## Problem requirements
Reproduce all the entries exactly.

-=-=-=-=-

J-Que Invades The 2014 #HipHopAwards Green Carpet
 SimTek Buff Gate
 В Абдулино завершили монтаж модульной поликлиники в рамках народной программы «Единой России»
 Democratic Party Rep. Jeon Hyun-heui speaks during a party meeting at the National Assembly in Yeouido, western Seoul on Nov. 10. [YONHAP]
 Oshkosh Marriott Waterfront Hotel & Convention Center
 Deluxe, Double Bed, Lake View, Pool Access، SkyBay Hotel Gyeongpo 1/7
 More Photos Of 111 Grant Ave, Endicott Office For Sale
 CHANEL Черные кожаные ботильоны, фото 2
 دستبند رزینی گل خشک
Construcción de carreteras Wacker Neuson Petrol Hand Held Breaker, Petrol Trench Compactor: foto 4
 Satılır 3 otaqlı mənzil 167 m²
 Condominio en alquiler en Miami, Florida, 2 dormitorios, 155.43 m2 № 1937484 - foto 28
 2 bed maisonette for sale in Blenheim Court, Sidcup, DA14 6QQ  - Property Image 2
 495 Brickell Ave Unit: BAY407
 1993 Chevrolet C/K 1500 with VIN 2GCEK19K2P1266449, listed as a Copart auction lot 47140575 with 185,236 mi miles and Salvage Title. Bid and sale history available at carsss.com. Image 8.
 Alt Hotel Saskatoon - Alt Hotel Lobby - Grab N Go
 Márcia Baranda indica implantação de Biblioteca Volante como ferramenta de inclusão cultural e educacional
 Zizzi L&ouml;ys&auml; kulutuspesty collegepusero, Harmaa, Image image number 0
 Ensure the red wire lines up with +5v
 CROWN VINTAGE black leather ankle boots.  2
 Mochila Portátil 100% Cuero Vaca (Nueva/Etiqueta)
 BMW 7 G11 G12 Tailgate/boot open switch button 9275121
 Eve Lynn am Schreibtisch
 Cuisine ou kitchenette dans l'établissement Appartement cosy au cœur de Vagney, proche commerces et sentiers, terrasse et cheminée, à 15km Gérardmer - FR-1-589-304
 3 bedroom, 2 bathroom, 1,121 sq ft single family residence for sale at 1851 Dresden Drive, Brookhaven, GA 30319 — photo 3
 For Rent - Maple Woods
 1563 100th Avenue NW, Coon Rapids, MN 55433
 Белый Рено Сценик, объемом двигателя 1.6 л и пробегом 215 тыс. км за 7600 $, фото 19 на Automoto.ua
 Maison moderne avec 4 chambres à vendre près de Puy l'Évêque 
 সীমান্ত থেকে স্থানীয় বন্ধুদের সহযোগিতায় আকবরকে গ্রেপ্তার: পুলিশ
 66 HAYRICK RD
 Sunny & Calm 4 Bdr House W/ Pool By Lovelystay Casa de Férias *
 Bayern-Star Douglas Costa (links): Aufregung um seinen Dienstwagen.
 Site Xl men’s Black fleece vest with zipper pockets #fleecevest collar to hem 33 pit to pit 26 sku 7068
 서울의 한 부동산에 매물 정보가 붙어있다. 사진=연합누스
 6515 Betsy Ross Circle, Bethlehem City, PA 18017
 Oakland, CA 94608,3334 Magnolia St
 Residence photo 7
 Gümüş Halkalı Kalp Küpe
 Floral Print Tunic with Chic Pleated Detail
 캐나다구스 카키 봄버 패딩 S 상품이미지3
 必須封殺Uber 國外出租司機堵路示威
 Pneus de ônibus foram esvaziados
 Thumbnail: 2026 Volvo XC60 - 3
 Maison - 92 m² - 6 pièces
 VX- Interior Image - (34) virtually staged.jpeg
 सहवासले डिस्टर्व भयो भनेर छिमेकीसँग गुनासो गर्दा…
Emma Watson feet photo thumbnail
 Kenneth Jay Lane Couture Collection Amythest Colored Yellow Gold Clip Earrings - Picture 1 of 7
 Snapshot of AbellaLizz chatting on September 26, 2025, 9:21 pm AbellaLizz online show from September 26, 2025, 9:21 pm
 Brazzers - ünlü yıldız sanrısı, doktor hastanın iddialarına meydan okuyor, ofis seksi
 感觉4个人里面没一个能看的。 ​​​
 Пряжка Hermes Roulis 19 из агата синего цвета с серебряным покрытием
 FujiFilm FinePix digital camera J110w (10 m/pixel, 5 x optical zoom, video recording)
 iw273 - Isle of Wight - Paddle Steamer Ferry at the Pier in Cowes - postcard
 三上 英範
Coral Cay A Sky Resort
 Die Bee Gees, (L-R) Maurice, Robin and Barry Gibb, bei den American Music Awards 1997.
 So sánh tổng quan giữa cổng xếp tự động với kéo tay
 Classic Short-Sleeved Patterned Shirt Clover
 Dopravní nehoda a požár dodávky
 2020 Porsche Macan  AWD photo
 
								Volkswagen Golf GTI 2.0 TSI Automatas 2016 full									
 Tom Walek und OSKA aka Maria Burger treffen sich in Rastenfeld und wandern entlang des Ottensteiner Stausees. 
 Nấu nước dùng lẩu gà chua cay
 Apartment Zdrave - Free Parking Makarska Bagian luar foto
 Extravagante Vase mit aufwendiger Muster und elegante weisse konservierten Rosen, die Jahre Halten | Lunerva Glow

-=-=-=-=-

## Result
J-Que Invades The 2014 #HipHopAwards Green Carpet
 SimTek Buff Gate
 В Абдулино завершили монтаж модульной поликлиники в рамках народной программы «Единой России»
 Democratic Party Rep. Jeon Hyun-heui speaks during a party meeting at the National Assembly in Yeouido, western Seoul on Nov. 10. [YONHAP]
 Oshkosh Marriott Waterfront Hotel & Convention Center
 Deluxe, Double Bed, Lake View, Pool Access، SkyBay Hotel Gyeongpo 1/7
 More Photos Of 111 Grant Ave, Endicott Office For Sale
 CHANEL Черные кожаные ботильоны, фото 2
 دستبند رزینی گل خشک
Construcción de carreteras Wacker Neuson Petrol Hand Held Breaker, Petrol Trench Compactor: foto 4
 Satılır 3 otaqlı mənzil 167 m²
 Condominio en alquiler en Miami, Florida, 2 dormitorios, 155.43 m2 № 1937484 - foto 28
 2 bed maisonette for sale in Blenheim Court, Sidcup, DA14 6QQ  - Property Image 2
 495 Brickell Ave Unit: BAY407
 1993 Chevrolet C/K 1500 with VIN 2GCEK19K2P1266449, listed as a Copart auction lot 47140575 with 185,236 mi miles and Salvage Title. Bid and sale history available at carsss.com. Image 8.
 Alt Hotel Saskatoon - Alt Hotel Lobby - Grab N Go
 Márcia Baranda indica implantação de Biblioteca Volante como ferramenta de inclusão cultural e educacional
 Zizzi L&ouml;ys&auml; kulutuspesty collegepusero, Harmaa, Image image number 0
 Ensure the red wire lines up with +5v
 CROWN VINTAGE black leather ankle boots.  2
 Mochila Portátil 100% Cuero Vaca (Nueva/Etiqueta)
 BMW 7 G11 G12 Tailgate/boot open switch button 9275121
 Eve Lynn am Schreibtisch
 Cuisine ou kitchenette dans l'établissement Appartement cosy au cœur de Vagney, proche commerces et sentiers, terrasse et cheminée, à 15km Gérardmer - FR-1-589-304
 3 bedroom, 2 bathroom, 1,121 sq ft single family residence for sale at 1851 Dresden Drive, Brookhaven, GA 30319 — photo 3
 For Rent - Maple Woods
 1563 100th Avenue NW, Coon Rapids, MN 55433
 Белый Рено Сценик, объемом двигателя 1.6 л и пробегом 215 тыс. км за 7600 $, фото 19 на Automoto.ua
 Maison moderne avec 4 chambres à vendre près de Puy l'Évêque 
 সীমান্ত থেকে স্থানীয় বন্ধুদের সহযোগিতায় আকবরকে গ্রেপ্তার: পুলিশ
 66 HAYRICK RD
 Sunny & Calm 4 Bdr House W/ Pool By Lovelystay Casa de Férias *
 Bayern-Star Douglas Costa (links): Aufregung um seinen Dienstwagen.
 Site Xl men’s Black fleece vest with zipper pockets #fleecevest collar to hem 33 pit to pit 26 sku 7068
 서울의 한 부동산에 매물 정보가 붙어있다. 사진=연합누스
 6515 Betsy Ross Circle, Bethlehem City, PA 18017
 Oakland, CA 94608,3334 Magnolia St
 Residence photo 7
 Gümüş Halkalı Kalp Küpe
 Floral Print Tunic with Chic Pleated Detail
 캐나다구스 카키 봄버 패딩 S 상품이미지3
 必須封殺Uber 國外出租司機堵路示威
 Pneus de ônibus foram esvaziados
 Thumbnail: 2026 Volvo XC60 - 3
 Maison - 92 m² - 6 pièces
 VX- Interior Image - (34) virtually staged.jpeg
 सहवासले डिस्टर्व भयो भनेर छिमेकीसँग गुनासो गर्दा…
Emma Watson feet photo thumbnail
 Kenneth Jay Lane Couture Collection Amythest Colored Yellow Gold Clip Earrings - Picture 1 of 7
 Snapshot of AbellaLizz chatting on September 26, 2025, 9:21 pm AbellaLizz online show from September 26, 2025, 9:21 pm
 Brazzers - ünlü yıldız sanrısı, doktor hastanın iddialarına meydan okuyor, ofis seksi
 感觉4个人里面没一个能看的。 ​​​
 Пряжка Hermes Roulis 19 из агата синего цвета с серебряным покрытием
 FujiFilm FinePix digital camera J110w (10 m/pixel, 5 x optical zoom, video recording)
 iw273 - Isle of Wight - Paddle Steamer Ferry at the Pier in Cowes - postcard
 三上 英範
Coral Cay A Sky Resort
 Die Bee Gees, (L-R) Maurice, Robin and Barry Gibb, bei den American Music Awards 1997.
 So sánh tổng quan giữa cổng xếp tự động với kéo tay
 Classic Short-Sleeved Patterned Shirt Clover
 Dopravní nehoda a požár dodávky
 2020 Porsche Macan  AWD photo
 
								Volkswagen Golf GTI 2.0 TSI Automatas 2016 full									
 Tom Walek und OSKA aka Maria Burger treffen sich in Rastenfeld und wandern entlang des Ottensteiner Stausees. 
 Nấu nước dùng lẩu gà chua cay
 Apartment Zdrave - Free Parking Makarska Bagian luar foto
 Extravagante Vase mit aufwendiger Muster und elegante weisse konservierten Rosen, die Jahre Halten | Lunerva Glow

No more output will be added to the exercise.